» **Task requirements**:
All lines from the one holding "Le PDG d'OpenAI" through the last line of the entries below must be transcribed exactly, and no others. Pictures do not go in.

◆ ◆ ◆ ◆ ◆

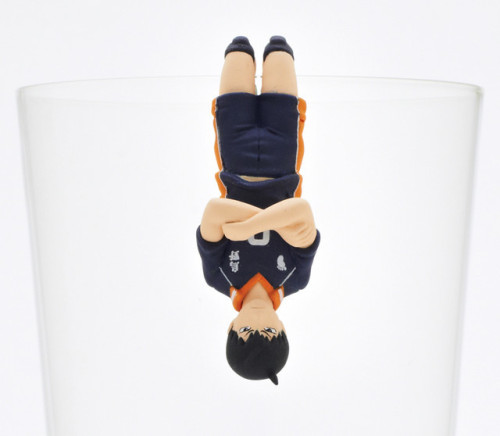 shishido-ryou:  thehype-train:  Haikyu!! Stars Spike to Victory on The Rim of Your Cup   Each drinking companion figure is 540 yen, and the entire box of eight figures costs 4,320 yen. The first release is slated for January.   FUCKING KUROO’S 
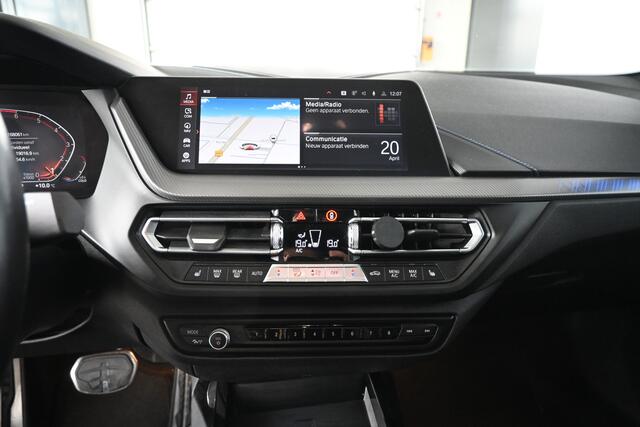 BMW 2-SERIE Gran Coupé 218i Executive Edition M-Pakket Automaat Navigatie Panoramadak Dealer Onderhouden! Inruil Mogelijk!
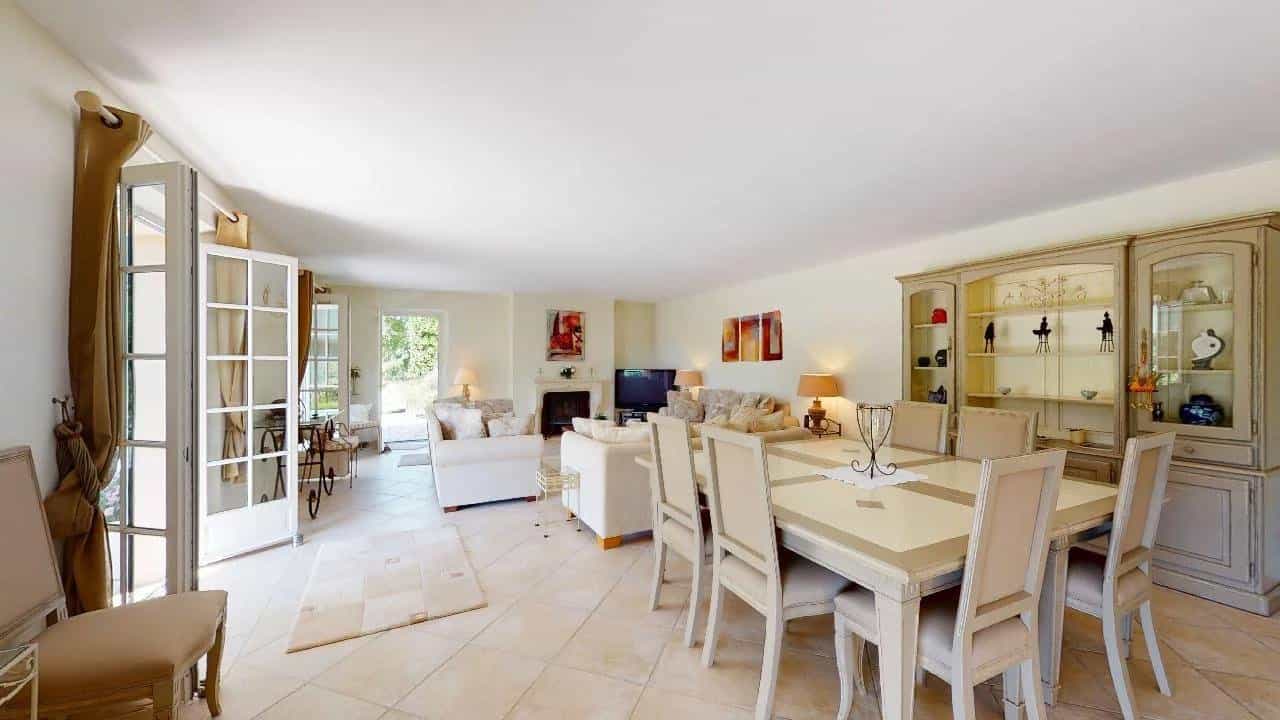 rumah dalam Callian, Provence-Alpes-Côte d'Azur 10029704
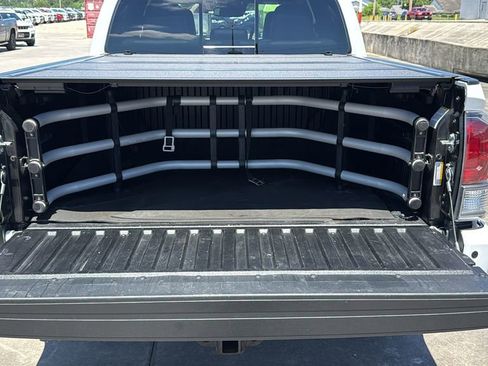 Certified 2023 Toyota Tacoma TRD Off-Road w/ TRD Premium Off Road Package AWD/4WD image 27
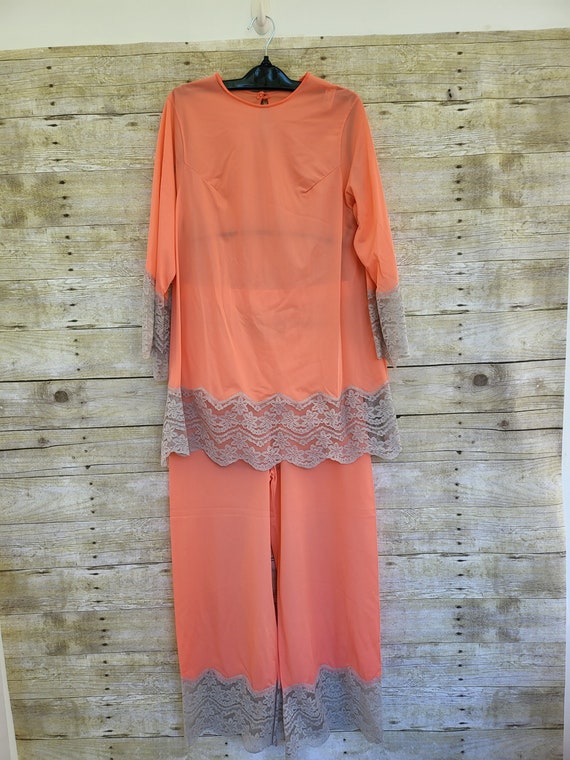 Vintage Gilead Peach and Gray Lace PJ/Pajama Set P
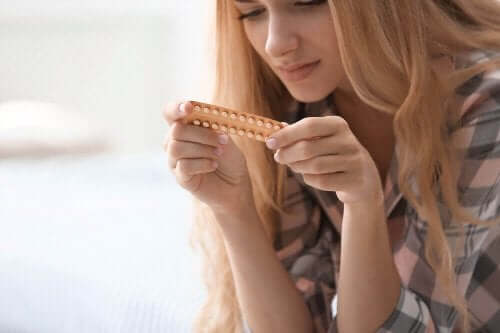 Kvinna med preventivmedel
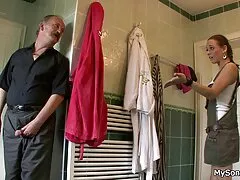 איש מזיין אישה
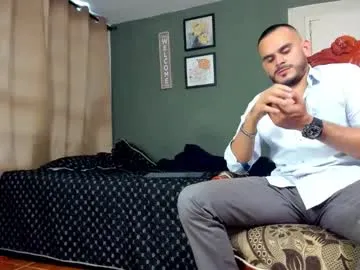 alex_islive – webcam model profile photo Image 4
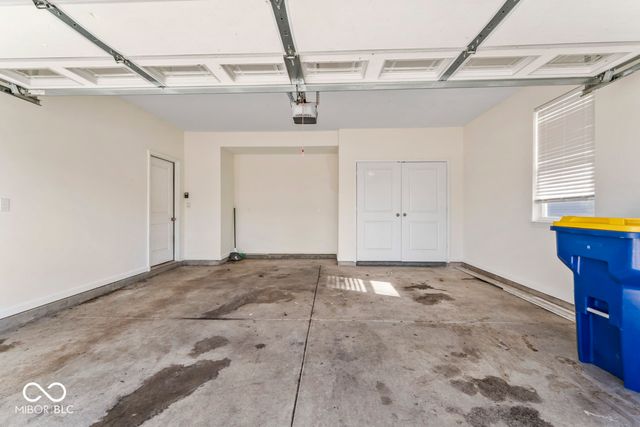 6874 Nottingham Lane, Mccordsville, IN 46055
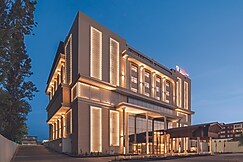 Ramada Encore by Wyndham Rajbagh Srinagar, Srinagar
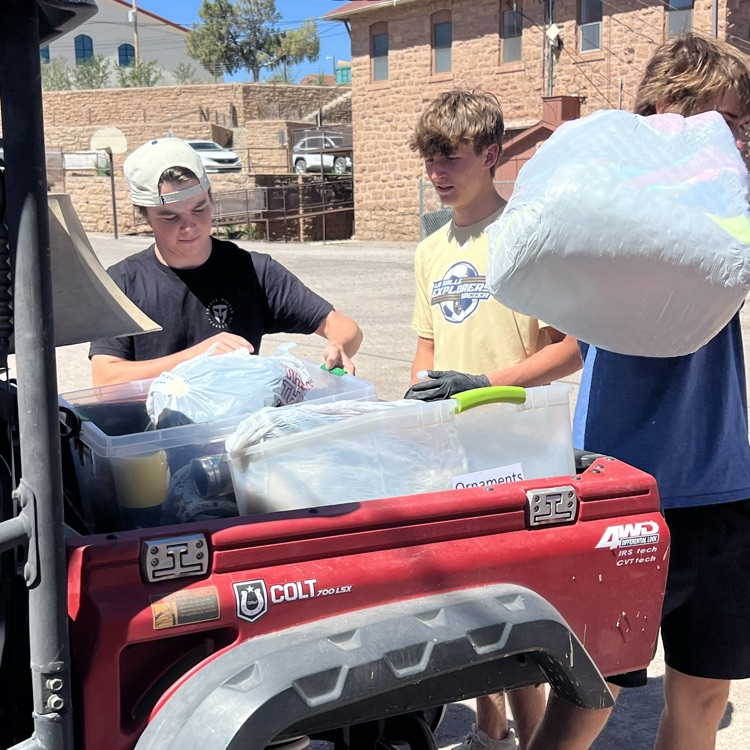 La Salle college high school volunteer visit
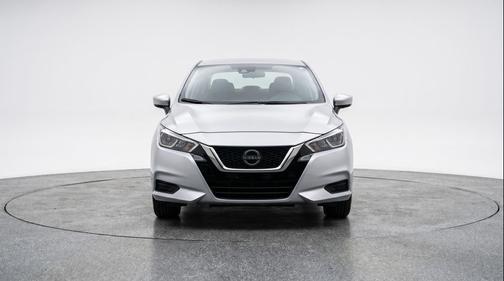Brilliant Silver Metallic 2025 Nissan Versa 1.6 SV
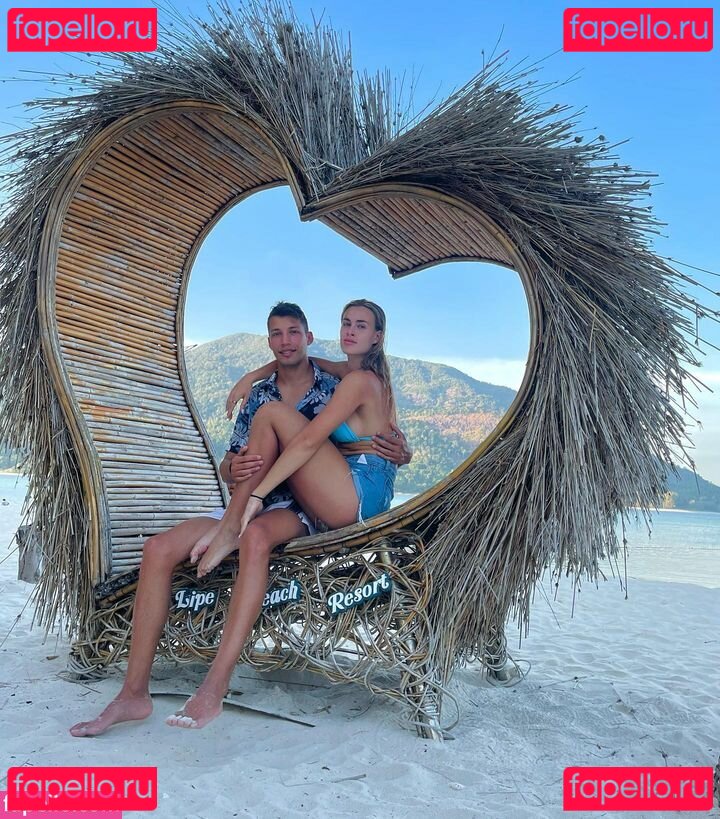 Meeryo7 / meery17 Onlyfans Photo Gallery 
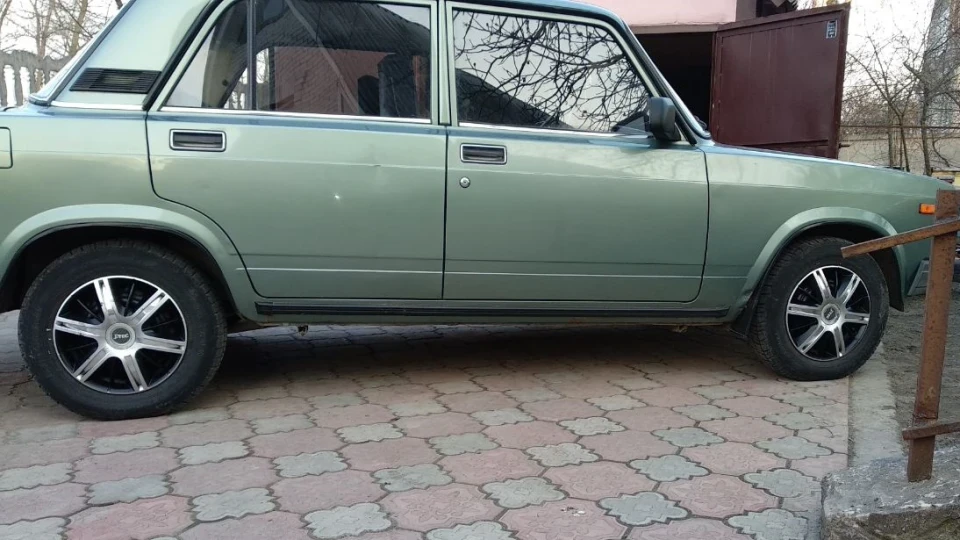 Lada 2107 3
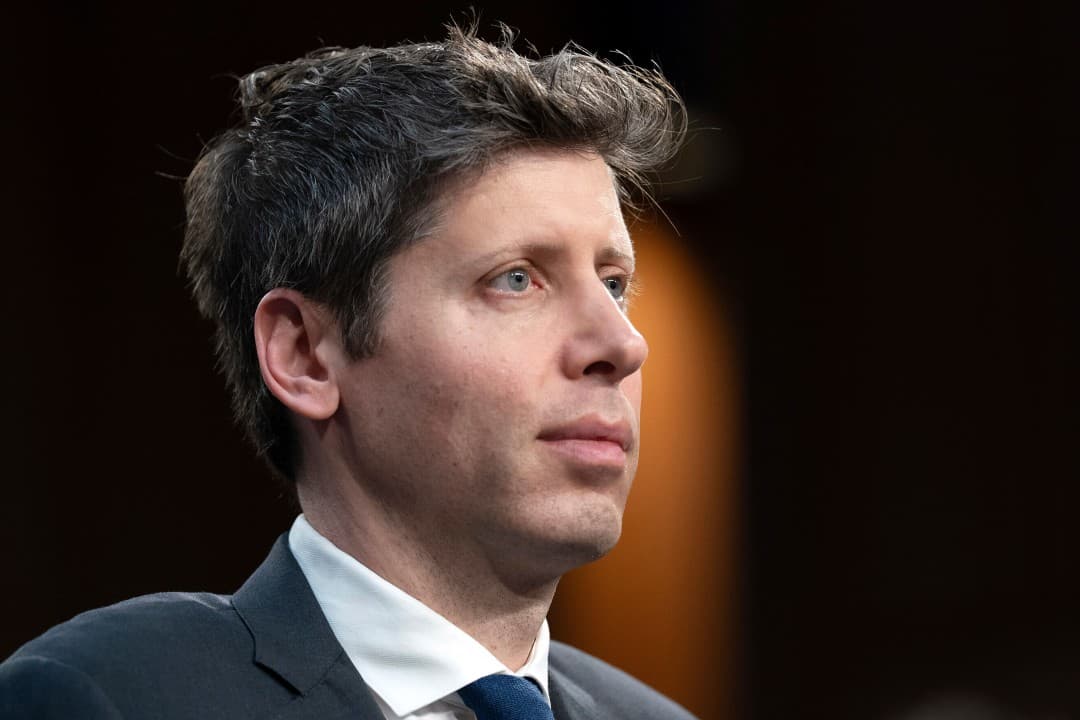 Le PDG d'OpenAI s'excuse de ne pas avoir alerté la police au sujet du compte ChatGPT du tireur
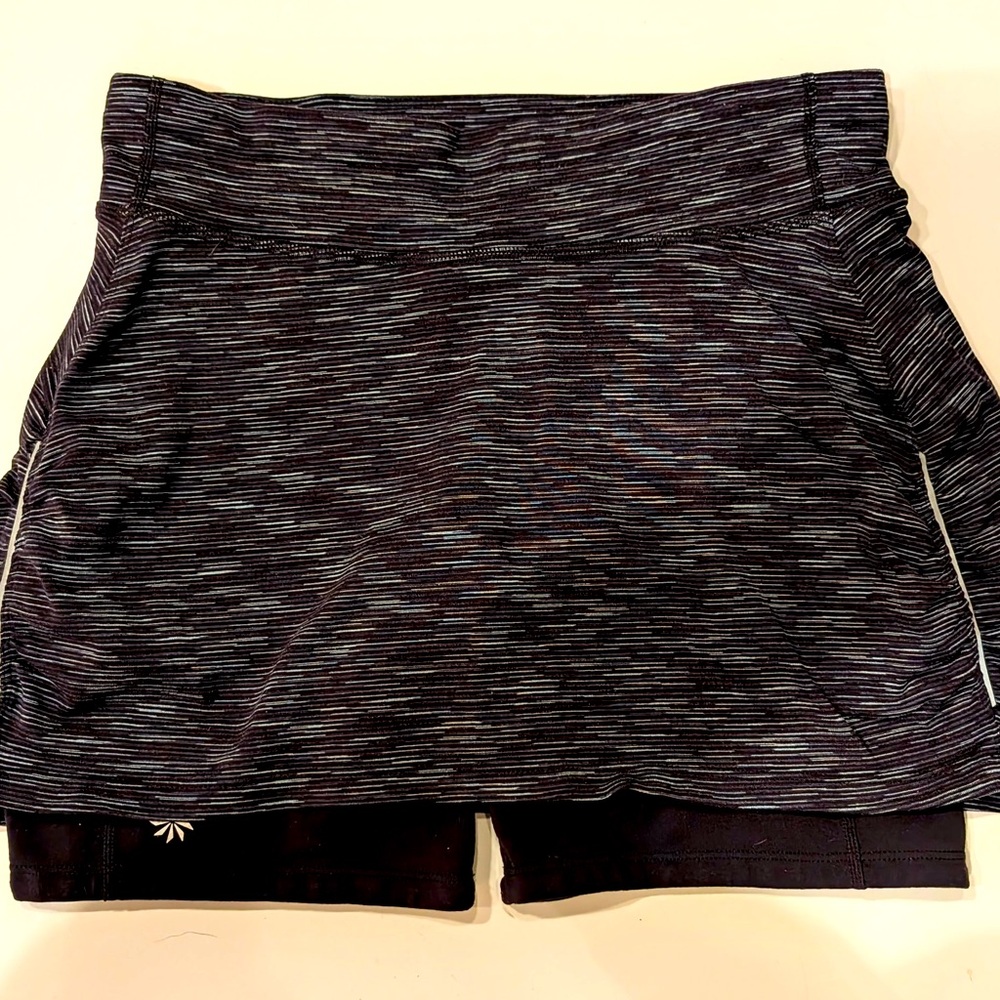 Atheta Women’s Skort 
Size Small Black with grayish white design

◆ ◆ ◆ ◆ ◆

» **Exercise solution**:
 Le PDG d'OpenAI s'excuse de ne pas avoir alerté la police au sujet du compte ChatGPT du tireur
 Atheta Women’s Skort 
Size Small Black with grayish white design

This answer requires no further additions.